The wounds are still raw, but the healing has started at Denison University.
Students met yesterday and Thursday in afternoon rallies, sharing frustrations and sorrow over recent racial and homophobic controversies. They talked to staff members and gathered at a candlelight vigil.
Some wore orange ski masks, to show that students shouldn’t be judged on their skin color.
Posters and signs of support were posted on walls throughout the Slayter Union at the liberal-arts university in Granville, where students and staff members still are reeling from reports of discrimination that has occurred this year: ongoing campus vandalism that has included slurs against homosexuals and minority students; white students attending a Halloween party in black face; posters featuring nooses; and a note with a swastika discovered in the room of a black student.
Educators said college campuses typically are flush with diverse thoughts and students of various backgrounds.
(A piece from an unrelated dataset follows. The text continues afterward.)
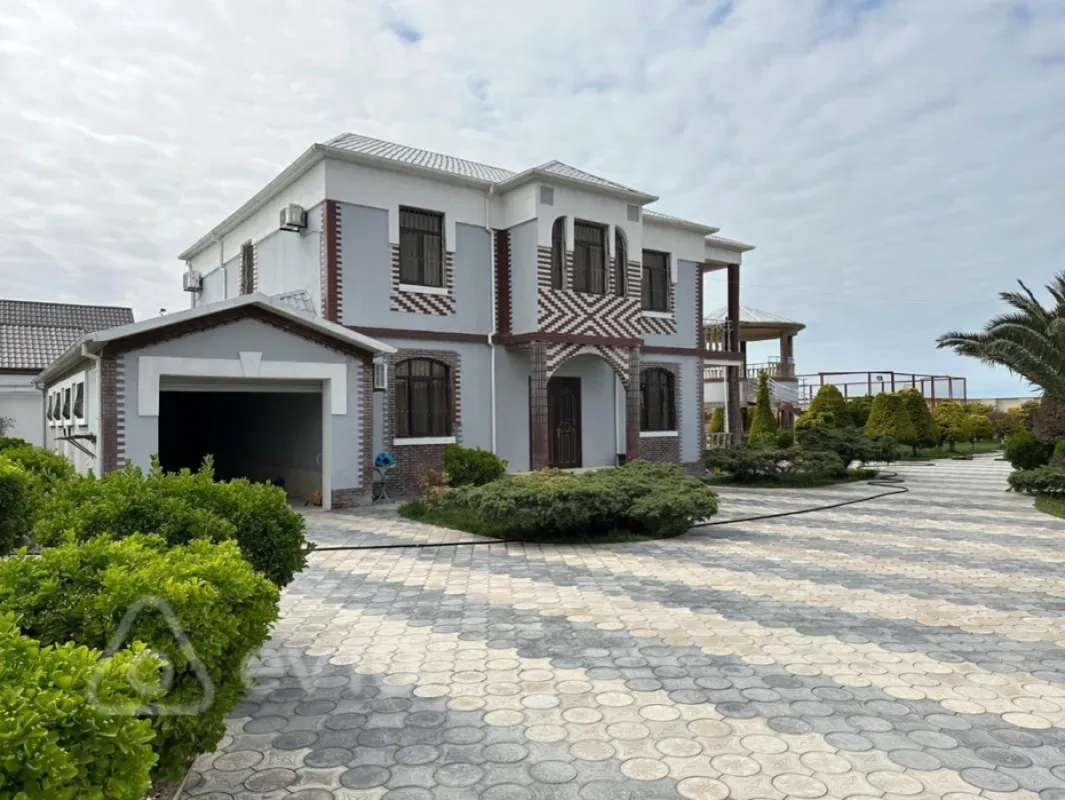Kirayə verilir 6 otaqlı həyət evi 350 m²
Students are rich and poor, religious and nonreligious, gay and straight. Though most on campus relish the diversity, the mix can be combustible.
“We seek to build a student body of different races, religions, socioeconomic status and nationalities,” said Denison President Dale Knobel. “We also create an opportunity for rubbing, bumping and grinding.”
Such controversies are not new to college campuses.
In September, swastikas drawn in crayon were found on three dorm-room doors at Kenyon College in Gambier, including one belonging to a Jewish student.
Police at Miami University in Oxford removed a student art display last week that had seven nooses and a tire swing hanging from a tree.
And swastikas, racial slurs and other obscenities were carved on the elevator doors, and a “whites only” sign was taped outside a men’s bathroom, at Ohio Dominican University in Columbus last year. The incidents led to two days of protests.
Marcus Eagan, a freshman sociology and anthropology major at Denison, said the campus is fraught with societal barriers.